(MATERIAL PROVIDED begins)

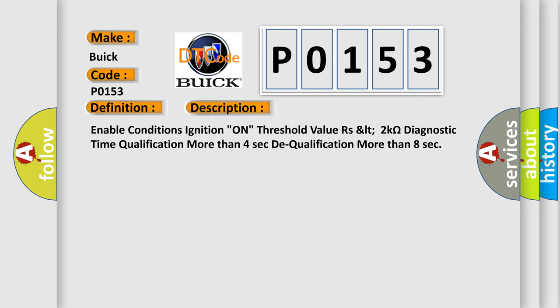Enable conditions: ignition on, threshold value as LT2 kilo ohms, diagnostic time qualification more than 4 seconds, to qualification more than 8 seconds.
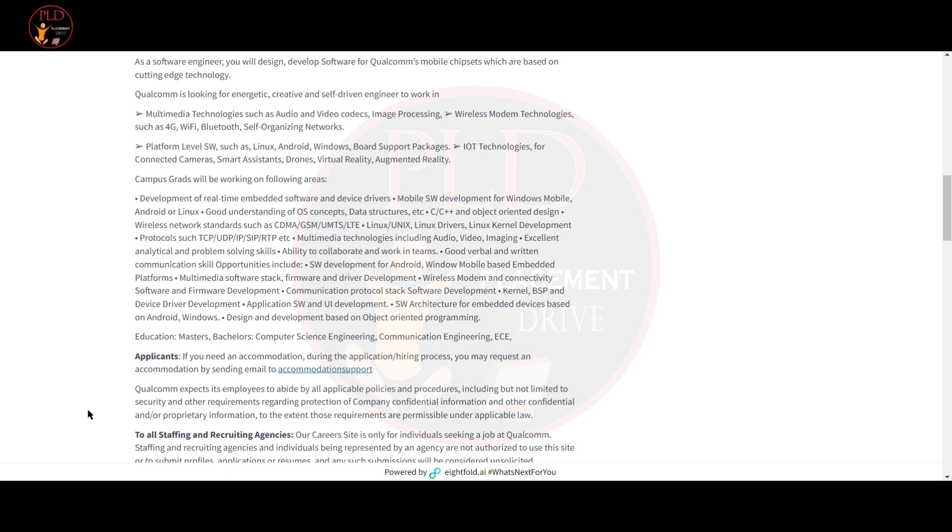Wi-Fi, Bluetooth and self-organizing networks, and also platform level software such as Linux, Android, Windows, board support packages, and IoT technologies for connected cameras, smart assistants, drones, virtual reality and augmented reality.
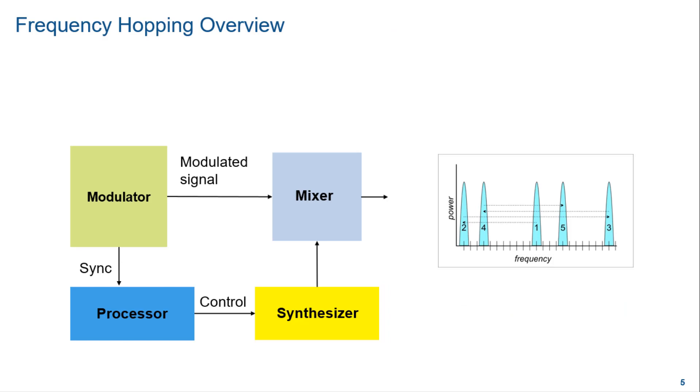This is the high level block diagram of how traditional frequency hopping is accomplished. Here the processor runs the hopping algorithm and generates the hop code for each hop interval. This hop code is then mapped to an appropriate frequency output of the synthesizer. The processor configures the synthesizer at an appropriate time in a slot to generate the LO frequency for modulating and transmitting the data. A similar process is followed in the receive path to synthesize the known frequency to downconvert and demodulate and decode the data.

(MATERIAL PROVIDED ends)

- [TASK OBJECTIVE]: Return all of the lines above without alteration, minus the pictures.

- [WRITTEN RESPONSE]:
Enable conditions: ignition on, threshold value as LT2 kilo ohms, diagnostic time qualification more than 4 seconds, to qualification more than 8 seconds.
Wi-Fi, Bluetooth and self-organizing networks, and also platform level software such as Linux, Android, Windows, board support packages, and IoT technologies for connected cameras, smart assistants, drones, virtual reality and augmented reality.
This is the high level block diagram of how traditional frequency hopping is accomplished. Here the processor runs the hopping algorithm and generates the hop code for each hop interval. This hop code is then mapped to an appropriate frequency output of the synthesizer. The processor configures the synthesizer at an appropriate time in a slot to generate the LO frequency for modulating and transmitting the data. A similar process is followed in the receive path to synthesize the known frequency to downconvert and demodulate and decode the data.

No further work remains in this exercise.